Sie sei in die Politik gegangen, um Dinge zu verändern und mit vielen Menschen im Gespräch zu sein, sagte die 38-Jährige im SWR-Interview. Diese Nahbarkeit bedeute auch immer eine gewisse Emotionalität.

Als Beispiel nannte Baerbock die Gedenkstunde für die Opfer des Nationalsozialismus im Bundestag.

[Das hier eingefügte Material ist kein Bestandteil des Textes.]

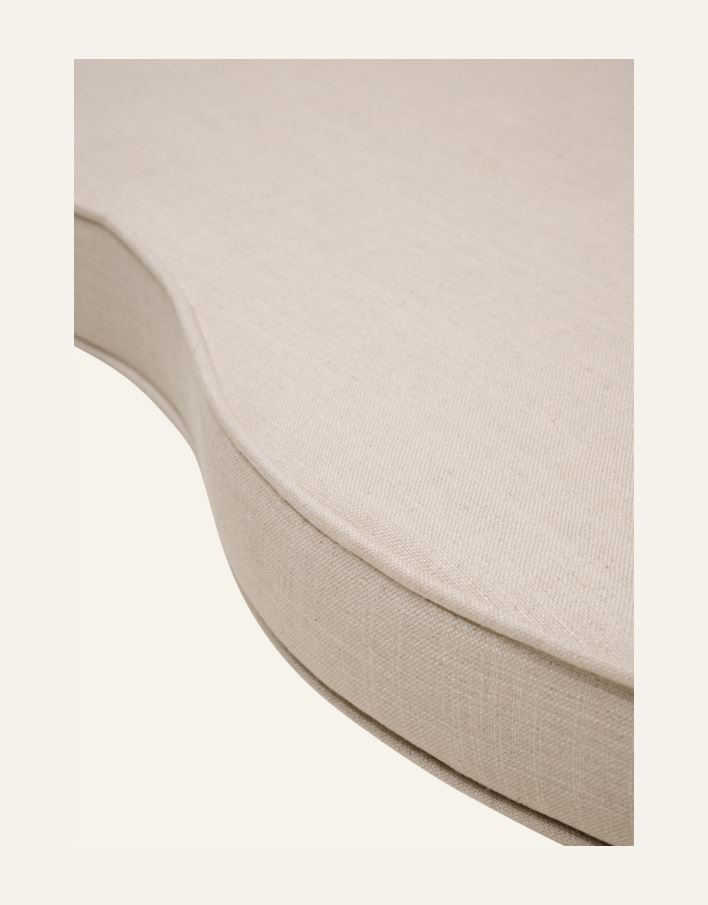 Sängynpääty beige - 4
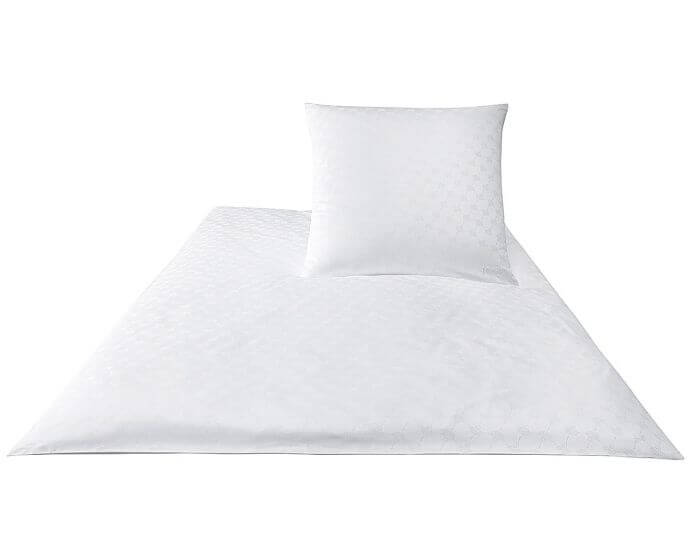 JOOP! »Cornflower« Bettwäsche Weiss 4020-00 Artikelbild 7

Dabei waren ihr am Donnerstag die Tränen gekommen, als der Holocaust-Überlebende Saul Friedländer geschildert hatte, wie er als Kind von seinen Eltern getrennt worden war.

"In diesen Momenten kommt man gar nicht drum rum, an seine eigenen Kinder zu denken, sich genau das vorzustellen, was natürlich Emotionen auslöst", sagte Baebock, selbst Mutter von zwei Töchtern. "Wenn einem da die Tränen kommen und (man) weiß genau, da halten jetzt zig Kameras drauf, dann ist das immer so: Soll man sich verstellen oder nicht?"

Auf der einen Seite gehe es darum, empathisch und offen zu bleiben, auf der anderen Seite könne einem dann gerade in den Sozialen Medien vorgeworfen werden: "Jetzt heult die da im Bundestag." Das sei eine Gratwanderung. Aber: "Ich glaube, ein Abstumpfen ist das Gefährlichste, was man in der Gesellschaft derzeit tun kann."